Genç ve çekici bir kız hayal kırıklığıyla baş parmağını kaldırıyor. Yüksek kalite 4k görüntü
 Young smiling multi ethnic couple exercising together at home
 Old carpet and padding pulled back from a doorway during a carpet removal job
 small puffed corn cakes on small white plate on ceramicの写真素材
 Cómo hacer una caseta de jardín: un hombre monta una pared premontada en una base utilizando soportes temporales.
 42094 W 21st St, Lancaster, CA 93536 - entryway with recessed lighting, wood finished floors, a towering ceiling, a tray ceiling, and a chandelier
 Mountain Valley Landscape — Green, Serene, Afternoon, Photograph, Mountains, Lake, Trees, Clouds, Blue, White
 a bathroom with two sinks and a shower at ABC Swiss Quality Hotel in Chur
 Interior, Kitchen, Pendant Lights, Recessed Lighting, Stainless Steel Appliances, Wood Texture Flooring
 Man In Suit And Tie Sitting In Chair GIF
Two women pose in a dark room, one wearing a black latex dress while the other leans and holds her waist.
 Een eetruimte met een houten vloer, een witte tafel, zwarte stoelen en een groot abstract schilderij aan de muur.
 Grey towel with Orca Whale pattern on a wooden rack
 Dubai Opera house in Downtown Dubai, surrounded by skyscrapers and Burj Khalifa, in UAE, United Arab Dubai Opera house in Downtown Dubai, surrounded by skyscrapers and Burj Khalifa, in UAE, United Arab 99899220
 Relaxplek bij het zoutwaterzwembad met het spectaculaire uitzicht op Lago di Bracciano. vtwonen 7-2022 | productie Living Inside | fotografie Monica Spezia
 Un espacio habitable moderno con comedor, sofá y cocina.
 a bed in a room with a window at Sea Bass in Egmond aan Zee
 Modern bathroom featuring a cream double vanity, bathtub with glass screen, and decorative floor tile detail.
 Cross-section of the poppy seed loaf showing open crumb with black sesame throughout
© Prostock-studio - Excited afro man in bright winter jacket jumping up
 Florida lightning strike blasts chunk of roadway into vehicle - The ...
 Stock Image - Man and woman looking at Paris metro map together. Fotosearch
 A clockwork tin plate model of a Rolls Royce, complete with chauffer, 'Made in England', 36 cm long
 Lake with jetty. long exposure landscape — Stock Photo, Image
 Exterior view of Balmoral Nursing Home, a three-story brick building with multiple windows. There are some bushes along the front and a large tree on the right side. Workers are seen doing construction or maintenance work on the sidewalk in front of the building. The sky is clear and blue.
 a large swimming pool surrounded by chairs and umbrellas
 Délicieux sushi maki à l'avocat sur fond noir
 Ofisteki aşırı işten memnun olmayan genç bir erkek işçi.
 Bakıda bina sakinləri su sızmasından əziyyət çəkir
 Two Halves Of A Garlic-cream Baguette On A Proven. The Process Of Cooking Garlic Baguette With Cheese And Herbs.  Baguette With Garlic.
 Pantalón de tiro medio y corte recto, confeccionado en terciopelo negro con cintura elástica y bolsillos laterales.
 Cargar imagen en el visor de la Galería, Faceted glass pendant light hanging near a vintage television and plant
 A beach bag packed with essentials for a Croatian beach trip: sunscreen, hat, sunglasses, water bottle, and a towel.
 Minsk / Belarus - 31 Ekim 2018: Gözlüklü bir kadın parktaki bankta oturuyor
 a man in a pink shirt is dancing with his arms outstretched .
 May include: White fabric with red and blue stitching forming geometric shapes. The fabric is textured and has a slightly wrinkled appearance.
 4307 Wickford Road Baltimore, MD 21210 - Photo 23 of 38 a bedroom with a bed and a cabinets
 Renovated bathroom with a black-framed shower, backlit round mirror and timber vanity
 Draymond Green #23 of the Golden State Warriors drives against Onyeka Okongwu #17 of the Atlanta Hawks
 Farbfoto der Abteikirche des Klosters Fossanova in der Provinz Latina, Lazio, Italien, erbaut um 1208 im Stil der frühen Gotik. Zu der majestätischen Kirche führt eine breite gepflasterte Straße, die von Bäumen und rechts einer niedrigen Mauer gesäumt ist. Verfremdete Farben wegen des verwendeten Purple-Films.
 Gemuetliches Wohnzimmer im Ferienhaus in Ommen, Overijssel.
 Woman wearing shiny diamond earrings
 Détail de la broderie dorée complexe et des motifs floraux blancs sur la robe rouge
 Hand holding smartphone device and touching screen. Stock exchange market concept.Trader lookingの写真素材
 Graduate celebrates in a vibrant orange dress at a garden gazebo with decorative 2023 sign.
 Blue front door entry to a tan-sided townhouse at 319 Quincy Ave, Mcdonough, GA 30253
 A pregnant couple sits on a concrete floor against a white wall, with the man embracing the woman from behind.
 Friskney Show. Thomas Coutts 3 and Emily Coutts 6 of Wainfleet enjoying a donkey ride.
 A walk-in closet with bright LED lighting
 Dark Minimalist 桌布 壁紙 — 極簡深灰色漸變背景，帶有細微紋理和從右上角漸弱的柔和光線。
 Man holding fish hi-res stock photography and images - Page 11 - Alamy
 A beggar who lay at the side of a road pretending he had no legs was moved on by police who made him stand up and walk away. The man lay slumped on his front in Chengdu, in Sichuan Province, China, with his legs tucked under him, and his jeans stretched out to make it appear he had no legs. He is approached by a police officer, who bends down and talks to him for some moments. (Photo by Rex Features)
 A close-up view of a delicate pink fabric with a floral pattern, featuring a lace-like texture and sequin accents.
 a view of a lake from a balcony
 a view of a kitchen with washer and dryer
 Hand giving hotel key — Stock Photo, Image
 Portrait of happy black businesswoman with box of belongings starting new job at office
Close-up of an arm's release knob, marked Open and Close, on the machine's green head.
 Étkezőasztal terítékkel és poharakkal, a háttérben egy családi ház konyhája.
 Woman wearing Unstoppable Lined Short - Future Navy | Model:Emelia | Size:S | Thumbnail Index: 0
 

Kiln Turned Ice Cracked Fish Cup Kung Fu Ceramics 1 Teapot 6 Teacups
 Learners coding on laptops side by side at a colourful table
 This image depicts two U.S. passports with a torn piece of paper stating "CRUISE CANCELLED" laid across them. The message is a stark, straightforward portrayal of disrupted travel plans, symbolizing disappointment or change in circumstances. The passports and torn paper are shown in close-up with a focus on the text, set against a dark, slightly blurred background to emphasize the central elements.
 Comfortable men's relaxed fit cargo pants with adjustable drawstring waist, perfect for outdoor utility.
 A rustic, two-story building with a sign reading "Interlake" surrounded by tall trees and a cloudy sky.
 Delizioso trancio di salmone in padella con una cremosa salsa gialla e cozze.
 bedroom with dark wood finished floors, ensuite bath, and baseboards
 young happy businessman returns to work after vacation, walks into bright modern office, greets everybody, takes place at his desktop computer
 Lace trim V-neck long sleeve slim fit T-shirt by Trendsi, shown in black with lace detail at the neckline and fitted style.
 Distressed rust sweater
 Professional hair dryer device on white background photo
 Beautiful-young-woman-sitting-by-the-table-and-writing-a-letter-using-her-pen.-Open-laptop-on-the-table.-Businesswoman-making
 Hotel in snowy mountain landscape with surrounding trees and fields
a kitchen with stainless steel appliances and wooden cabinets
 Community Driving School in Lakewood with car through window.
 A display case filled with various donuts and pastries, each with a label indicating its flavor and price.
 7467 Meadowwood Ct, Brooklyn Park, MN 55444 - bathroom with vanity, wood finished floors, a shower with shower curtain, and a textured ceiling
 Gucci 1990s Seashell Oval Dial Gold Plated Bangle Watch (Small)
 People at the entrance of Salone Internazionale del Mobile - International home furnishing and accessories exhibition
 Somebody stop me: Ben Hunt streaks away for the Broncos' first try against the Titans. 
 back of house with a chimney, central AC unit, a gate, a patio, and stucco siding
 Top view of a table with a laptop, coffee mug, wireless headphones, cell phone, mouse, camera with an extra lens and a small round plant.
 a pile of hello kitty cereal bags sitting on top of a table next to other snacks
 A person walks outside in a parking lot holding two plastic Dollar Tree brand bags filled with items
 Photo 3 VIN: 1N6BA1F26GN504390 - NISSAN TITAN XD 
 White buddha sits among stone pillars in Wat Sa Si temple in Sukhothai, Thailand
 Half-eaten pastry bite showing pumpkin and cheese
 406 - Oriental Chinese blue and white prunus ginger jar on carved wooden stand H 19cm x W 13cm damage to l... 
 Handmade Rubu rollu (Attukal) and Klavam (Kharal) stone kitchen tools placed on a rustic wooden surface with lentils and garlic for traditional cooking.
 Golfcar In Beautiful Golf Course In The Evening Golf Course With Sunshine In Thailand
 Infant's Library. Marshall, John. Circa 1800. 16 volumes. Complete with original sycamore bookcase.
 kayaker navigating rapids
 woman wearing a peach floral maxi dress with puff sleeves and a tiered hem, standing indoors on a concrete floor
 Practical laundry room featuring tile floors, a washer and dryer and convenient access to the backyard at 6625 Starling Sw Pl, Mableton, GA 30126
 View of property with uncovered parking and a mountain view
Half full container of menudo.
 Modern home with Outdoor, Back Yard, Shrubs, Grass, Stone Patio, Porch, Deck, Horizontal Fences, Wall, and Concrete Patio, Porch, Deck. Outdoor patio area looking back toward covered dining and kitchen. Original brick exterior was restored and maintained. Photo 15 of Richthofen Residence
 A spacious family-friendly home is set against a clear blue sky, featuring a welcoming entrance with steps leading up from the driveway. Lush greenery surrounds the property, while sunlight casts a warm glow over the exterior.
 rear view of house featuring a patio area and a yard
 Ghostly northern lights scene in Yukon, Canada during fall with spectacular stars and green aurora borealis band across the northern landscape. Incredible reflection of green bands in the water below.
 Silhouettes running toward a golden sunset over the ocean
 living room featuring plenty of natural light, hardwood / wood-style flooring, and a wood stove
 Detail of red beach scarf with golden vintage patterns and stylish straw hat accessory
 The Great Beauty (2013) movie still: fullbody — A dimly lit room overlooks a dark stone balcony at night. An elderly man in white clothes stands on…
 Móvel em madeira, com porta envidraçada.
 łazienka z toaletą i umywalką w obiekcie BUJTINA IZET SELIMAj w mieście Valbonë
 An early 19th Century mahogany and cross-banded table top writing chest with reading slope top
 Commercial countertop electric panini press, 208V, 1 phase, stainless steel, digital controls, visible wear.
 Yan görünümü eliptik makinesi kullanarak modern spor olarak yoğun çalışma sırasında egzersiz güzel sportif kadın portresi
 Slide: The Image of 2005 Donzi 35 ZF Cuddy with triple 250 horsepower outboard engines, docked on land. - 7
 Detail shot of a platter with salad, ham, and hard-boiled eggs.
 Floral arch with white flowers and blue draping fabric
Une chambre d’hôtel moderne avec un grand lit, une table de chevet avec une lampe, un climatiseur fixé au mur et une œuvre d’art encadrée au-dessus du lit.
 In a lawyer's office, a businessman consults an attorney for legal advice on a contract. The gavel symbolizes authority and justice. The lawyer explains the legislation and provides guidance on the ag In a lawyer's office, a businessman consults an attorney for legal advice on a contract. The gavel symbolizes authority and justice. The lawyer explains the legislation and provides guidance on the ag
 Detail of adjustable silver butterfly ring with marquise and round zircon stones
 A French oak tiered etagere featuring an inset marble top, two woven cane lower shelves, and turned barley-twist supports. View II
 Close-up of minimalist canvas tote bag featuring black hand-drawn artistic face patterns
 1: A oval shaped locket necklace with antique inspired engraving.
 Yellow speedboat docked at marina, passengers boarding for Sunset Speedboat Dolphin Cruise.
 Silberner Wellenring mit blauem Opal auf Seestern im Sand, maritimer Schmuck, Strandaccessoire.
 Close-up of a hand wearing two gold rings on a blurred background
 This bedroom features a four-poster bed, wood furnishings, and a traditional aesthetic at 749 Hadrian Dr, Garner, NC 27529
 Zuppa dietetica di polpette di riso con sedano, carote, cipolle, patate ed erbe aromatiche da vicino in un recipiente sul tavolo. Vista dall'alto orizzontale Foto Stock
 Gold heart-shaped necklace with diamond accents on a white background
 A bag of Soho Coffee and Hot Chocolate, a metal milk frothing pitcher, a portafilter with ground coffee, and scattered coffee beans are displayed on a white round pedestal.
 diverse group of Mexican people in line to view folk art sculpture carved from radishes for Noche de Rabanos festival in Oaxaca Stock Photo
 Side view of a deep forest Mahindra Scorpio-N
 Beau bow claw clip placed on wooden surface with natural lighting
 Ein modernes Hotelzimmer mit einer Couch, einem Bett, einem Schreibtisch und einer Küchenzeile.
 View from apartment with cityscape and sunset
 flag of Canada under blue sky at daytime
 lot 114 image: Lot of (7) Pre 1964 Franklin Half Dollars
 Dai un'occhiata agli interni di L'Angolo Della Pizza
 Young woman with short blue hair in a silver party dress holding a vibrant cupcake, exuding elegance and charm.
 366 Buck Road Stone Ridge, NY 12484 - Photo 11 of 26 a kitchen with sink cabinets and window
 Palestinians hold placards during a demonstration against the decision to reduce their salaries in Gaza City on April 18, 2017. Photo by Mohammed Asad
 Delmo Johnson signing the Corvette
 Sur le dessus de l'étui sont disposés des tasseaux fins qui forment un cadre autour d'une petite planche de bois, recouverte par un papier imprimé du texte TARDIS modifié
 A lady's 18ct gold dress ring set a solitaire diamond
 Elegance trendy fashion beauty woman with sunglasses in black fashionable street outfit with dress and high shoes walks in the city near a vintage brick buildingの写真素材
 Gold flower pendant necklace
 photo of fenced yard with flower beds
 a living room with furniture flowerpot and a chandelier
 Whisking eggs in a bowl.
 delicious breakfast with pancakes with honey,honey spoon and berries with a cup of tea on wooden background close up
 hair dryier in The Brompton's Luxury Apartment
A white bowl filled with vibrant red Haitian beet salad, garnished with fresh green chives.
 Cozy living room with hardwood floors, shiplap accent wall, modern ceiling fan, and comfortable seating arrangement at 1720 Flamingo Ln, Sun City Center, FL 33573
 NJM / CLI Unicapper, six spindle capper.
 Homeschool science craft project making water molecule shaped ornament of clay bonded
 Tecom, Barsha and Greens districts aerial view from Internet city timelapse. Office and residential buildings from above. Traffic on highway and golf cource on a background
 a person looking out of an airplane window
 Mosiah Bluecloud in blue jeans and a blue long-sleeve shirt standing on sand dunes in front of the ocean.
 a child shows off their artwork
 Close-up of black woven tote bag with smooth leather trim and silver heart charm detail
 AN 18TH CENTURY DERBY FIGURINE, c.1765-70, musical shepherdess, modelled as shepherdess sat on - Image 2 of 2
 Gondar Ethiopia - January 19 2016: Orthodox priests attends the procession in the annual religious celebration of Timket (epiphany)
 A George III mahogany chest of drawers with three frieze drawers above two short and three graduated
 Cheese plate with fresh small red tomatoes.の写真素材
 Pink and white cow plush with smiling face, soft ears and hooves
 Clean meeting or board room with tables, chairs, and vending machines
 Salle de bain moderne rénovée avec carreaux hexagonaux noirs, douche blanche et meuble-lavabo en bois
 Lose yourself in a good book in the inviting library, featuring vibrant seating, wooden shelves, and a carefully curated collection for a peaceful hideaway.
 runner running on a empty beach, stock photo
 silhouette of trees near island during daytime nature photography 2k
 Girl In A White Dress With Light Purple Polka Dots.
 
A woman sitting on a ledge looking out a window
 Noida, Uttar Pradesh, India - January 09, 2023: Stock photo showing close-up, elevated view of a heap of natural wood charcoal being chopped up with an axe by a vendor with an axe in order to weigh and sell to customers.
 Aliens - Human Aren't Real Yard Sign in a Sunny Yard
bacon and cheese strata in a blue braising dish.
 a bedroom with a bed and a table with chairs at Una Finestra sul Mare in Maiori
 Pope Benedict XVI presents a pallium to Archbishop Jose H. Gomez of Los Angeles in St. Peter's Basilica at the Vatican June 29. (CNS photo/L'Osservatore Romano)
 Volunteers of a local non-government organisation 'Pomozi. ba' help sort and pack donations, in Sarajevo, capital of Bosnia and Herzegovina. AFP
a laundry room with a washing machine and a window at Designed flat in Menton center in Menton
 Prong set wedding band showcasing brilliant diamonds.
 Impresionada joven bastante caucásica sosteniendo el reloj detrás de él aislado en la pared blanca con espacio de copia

Exercise directions ▸ In the listing above, find the line containing "1: A oval shaped" and the line containing "Silberner Wellenring mit", then repeat those two lines and everything between them exactly.

Reply ▸
 1: A oval shaped locket necklace with antique inspired engraving.
 Yellow speedboat docked at marina, passengers boarding for Sunset Speedboat Dolphin Cruise.
 Silberner Wellenring mit blauem Opal auf Seestern im Sand, maritimer Schmuck, Strandaccessoire.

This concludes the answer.